Am anderen Ende des Tages bläst der Ventilator Luft und Träume durcheinander. Das Rauschen übertönt die Klänge im dämmrigen Viertel. Längste Tage des Jahres, kürzeste Nächte. Und das Gefühl, irgendwo hängengeblieben, vom Sommer vollkommen überrascht worden zu sein.

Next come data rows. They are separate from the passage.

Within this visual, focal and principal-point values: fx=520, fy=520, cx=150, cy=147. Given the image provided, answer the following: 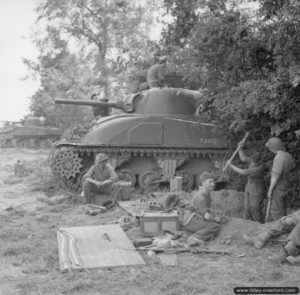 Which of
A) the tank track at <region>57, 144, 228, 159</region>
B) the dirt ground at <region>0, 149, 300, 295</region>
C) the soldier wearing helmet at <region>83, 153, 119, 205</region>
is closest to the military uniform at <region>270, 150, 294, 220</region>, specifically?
the dirt ground at <region>0, 149, 300, 295</region>

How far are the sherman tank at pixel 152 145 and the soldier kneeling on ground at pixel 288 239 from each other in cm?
560

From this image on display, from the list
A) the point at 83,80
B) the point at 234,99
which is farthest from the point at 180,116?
the point at 83,80

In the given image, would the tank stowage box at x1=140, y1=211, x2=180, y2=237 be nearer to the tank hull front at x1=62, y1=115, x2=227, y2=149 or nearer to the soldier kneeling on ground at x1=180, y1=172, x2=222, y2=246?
the soldier kneeling on ground at x1=180, y1=172, x2=222, y2=246

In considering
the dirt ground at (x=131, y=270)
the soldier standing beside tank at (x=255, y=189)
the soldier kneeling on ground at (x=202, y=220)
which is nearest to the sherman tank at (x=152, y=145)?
the soldier standing beside tank at (x=255, y=189)

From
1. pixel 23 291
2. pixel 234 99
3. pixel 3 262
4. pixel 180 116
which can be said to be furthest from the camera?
pixel 180 116

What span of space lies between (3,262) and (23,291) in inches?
48.5

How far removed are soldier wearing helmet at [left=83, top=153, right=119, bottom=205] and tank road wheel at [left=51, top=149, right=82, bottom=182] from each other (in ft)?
6.40

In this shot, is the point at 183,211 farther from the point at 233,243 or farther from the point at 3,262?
the point at 3,262

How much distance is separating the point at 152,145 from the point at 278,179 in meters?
5.34

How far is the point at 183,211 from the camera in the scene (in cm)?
860

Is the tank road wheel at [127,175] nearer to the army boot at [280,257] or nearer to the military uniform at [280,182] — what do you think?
the military uniform at [280,182]

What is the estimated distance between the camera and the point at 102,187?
10734 millimetres

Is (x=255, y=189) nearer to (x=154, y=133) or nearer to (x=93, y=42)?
(x=154, y=133)

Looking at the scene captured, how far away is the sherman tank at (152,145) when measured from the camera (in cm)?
1285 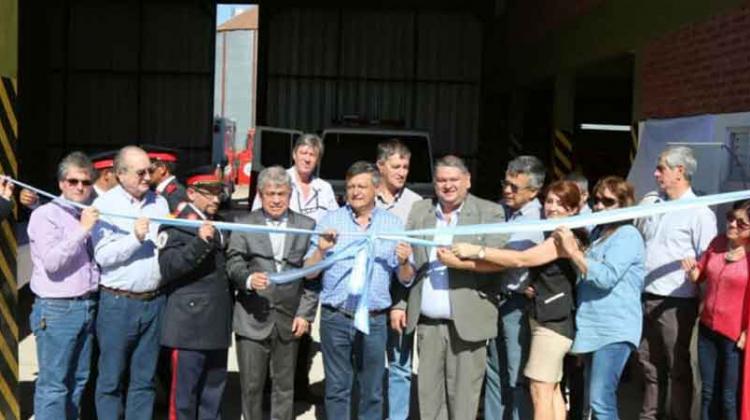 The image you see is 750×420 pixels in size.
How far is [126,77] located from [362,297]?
16.8 metres

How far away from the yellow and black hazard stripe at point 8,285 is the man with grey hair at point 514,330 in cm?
311

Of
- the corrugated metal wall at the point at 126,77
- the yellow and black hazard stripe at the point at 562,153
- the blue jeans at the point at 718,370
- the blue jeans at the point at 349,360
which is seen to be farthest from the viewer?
the corrugated metal wall at the point at 126,77

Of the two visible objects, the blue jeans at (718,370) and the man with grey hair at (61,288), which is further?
the blue jeans at (718,370)

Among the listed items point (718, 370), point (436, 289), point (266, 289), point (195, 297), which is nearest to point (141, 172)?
point (195, 297)

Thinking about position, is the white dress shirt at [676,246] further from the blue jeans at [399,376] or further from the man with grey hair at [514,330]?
the blue jeans at [399,376]

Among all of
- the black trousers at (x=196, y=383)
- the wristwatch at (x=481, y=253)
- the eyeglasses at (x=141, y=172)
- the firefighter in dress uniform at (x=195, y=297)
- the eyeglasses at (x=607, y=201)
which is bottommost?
the black trousers at (x=196, y=383)

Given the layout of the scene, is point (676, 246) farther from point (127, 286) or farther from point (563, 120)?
point (563, 120)

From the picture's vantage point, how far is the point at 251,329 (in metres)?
4.87

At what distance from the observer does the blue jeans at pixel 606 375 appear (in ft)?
15.3


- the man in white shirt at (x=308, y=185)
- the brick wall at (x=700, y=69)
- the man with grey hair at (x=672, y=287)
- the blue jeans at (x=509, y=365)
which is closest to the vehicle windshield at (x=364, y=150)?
the brick wall at (x=700, y=69)

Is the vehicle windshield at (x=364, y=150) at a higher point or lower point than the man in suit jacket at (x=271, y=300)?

@vilbi Teilauto, die zusammen mit den DVB (Verkehrsbetriebe) Carsharing vor Ort anbieten, haben um die 300 Autos. Zu anderen Anbietern suche ich noch, sehr viel mehr scheint da nicht zu sein.
@PorcusDivinus

@vilbi Das geht in die richtige Richtung, ist aber eben noch sehr rudimentär. Meine Anforderung im Moment wäre, in Situationen, in denen ich unverhandelbar Mobilität brauche, diese im Zugriff zu haben. Dazu ist zumindest hier in Dresden das Carsharing-Netz noch merklich zu dünn.
@PorcusDivinus

@vilbi (Bestes Beispiel: Wenn Du als Familienvater abends gegen 8 von der Arbeit kommst und zusehen musst, Dein Auto, ohne das Du nicht arbeiten könntest, irgendwo abzustellen, bist Du nicht empfänglich für die Ideen der Nachbarn, doch lieber in der Straße Bäume zu pflanzen, um früh dazwischen Yoga praktizieren zu können...😶)
@PorcusDivinus

@vilbi Klar. Schwierig ist halt nur: Wenn sich niemand die Mühe macht, Probleme und Anforderungen der Menschen zu verstehen, und erstmal dazu übergeht, "unerwünschtes" Verhalten zu bestrafen, ohne *vorher* Alternativen zu bieten, dann kommen (wieder) die unter die Räder, die keine praktikablen Alternativen haben. Das spaltet zunehmend und löst kein Problem, sondern erzeugt zusätzliche Konflikte, die an der Lösung wichtiger Herausforderungen hindern.
@PorcusDivinus

@vilbi (Nachtrag: Ich wohne in einer Mietwohnung in einem Reihenhaus. Alte Straße, wenig Platz. Ich habe überhaupt keine Chance, eigene Parkplätze darzustellen, selbst wenn ich wollte und wenn Geld kein limitierender Faktor wäre. Stattdessen verbrenne ich schlimmstenfalls Sprit in Runden um den Block auf der Suche nach einem Stellplatz und erlebe, dass auch Besuche durch Verwandte von außerhalb schwieriger werden, weil die dasselbe Problem haben.)
@PorcusDivinus

@vilbi ... oder eher die Möglichkeit, alle relevanten Wege problemlos mit Fahrrad, ÖPNV oder zu Fuß zu erreichen. Manchmal wünschte ich mir für solche Regionen einen Infrastruktur-Soli, um damit Verkehrsverbindungen kleinstädtischer und dörflicher Regionen aufzubauen.
@PorcusDivinus

@vilbi Ich sehe eben diese Trennung nicht, es sind die Grenzbereiche, die problematisch werden. Mit hinreichend leistungsfähigem Carsharing und nutzbarem P+R wäre viel davon lösbar. Aber bis das für alle funktioniert, tue ich mich äußerst schwer damit, Autobesitz zu bestrafen. Momentan scheint es eben zu bequem, aus dem Privileg gut erschlossener Innenstädte Autos verbannen zu wollen, aber man sollte klar hinterfragen, was dort Luxus ist: Das Auto...
@PorcusDivinus

@PorcusDivinus Naja... Beispiel: Ich wohne in der Stadt. Hier brauche ich kein Auto. Aber ich habe versorgungsbedürftige Verwandtschaft auf dem Land, und das funktioniert mit ÖPNV nicht und mit Fahrrad schon gar nicht. Die Infrastruktur zwingt mich an dieser Stelle zu Individualmobilität, und wenn die Stadt noch auf die Idee kommt, das als Luxus einzuordnen, dann wird es eng.
@vilbi

@PorcusDivinus Weil die Autos ja irgendwo sein müssen. Zumindest im Moment. Das würde "teuer" schwierig machen. Wenn jeder in der Gesellschaft, Stadt wie Land, ein tägliches Leben ohne PKW darstellen kann, bräuchte man das nicht mehr so.
@vilbi

@vilbi Ja, diese Kalkulation kenne ich von früher auch.Da zeigt sich aber eben auch ein Stück des Problems: Ein halbes Auto pro Haushalt in einer Gesellschaft, die über Jahrzehnte darauf hin ausgerichtet wurde, dass sie für viele ohne PKW faktisch nicht mehr funktioniert. Das kann eigentlich nur Probleme machen.